Let $f$ be a a bounded variation (BV) function on the whole real line. Identify a left-continuous function $g$ that agrees with $g$ at all but countably many points, and give an example showing that $g$ may have smaller total variation than $f$.
I know that $f$ can be written as a difference of two non-decreasing function $f_1$ and $f_2$. Every non-decreasing function has only countable discontinuities, so $f_1$ and $f_2$ has only countable discontinuities, and so too does $f$.
For any function $f$ with countable discontinuities, is it possible to find a left-continuous function (i.e. $f(a^-)=f(a)$) that agrees with it at all but countably many points?
Since $f$ is of bounded variation, we can write $f=f_1-f_2$, where the $f_k$ are non-decreasing.
Since the $f_k$ are non decreasing, the limit $g_k(x) = \lim_{\alpha \uparrow x} f_k(\alpha)$ exists everywhere. Note that if $x<y$ then we must have $f_k(x) \le g_k(y)$. Also, we must have $g_k(x) \le f_k(x)$.
The $g_k$ are non-decreasing (since the $f_k$ are) and continuous from the left. To see left continuity, choose $x$ and let $\epsilon>0$. By definition of $g_k$, for some $\delta>0$, we have $f_k(y) > g_k(x) -\epsilon$ for all $y \in [x-\delta,x]$. Then if $y \in (x-\delta,x]$ (note the interval is half-open now), we have $g_k(y) \ge f_k(x-\delta) > g_k(x) -\epsilon$. Since $g_k$ is non-decreasing, we have $g_k(x) = \lim_{\alpha \uparrow x} g_k(\alpha)$.

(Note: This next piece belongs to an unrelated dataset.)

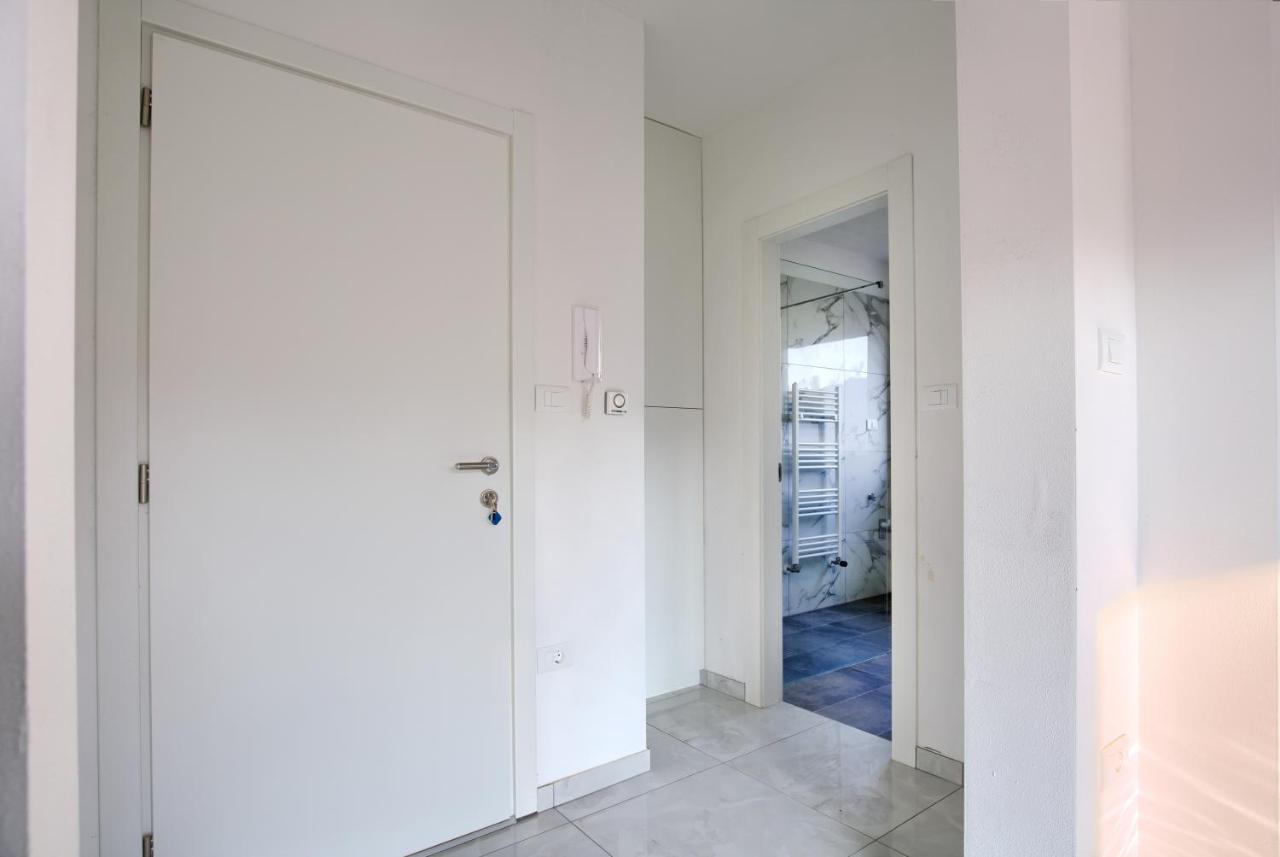 Apartment Vukadin พูลา ภายนอก รูปภาพ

The $f_k$ have an at most countable set of discontinuities, let these be $\Omega_k$. Then $g_k(x) = f_k(x)$ for all $ x \notin \Omega_k$.
Let $g = g_1-g_2$. Then $g(x)=f(x)$ for all $x \notin \Omega = \Omega_1 \cap \Omega_2$, and $\Omega$ is at most countable. The function $g$ is left continuous since the $g_k$ are.
For an example with smaller variation, let $f=1_{\{0\}}$. Then the above construction gives $g=0$. Then $\operatorname{Var} f = 2$, $\operatorname{Var} g = 0$.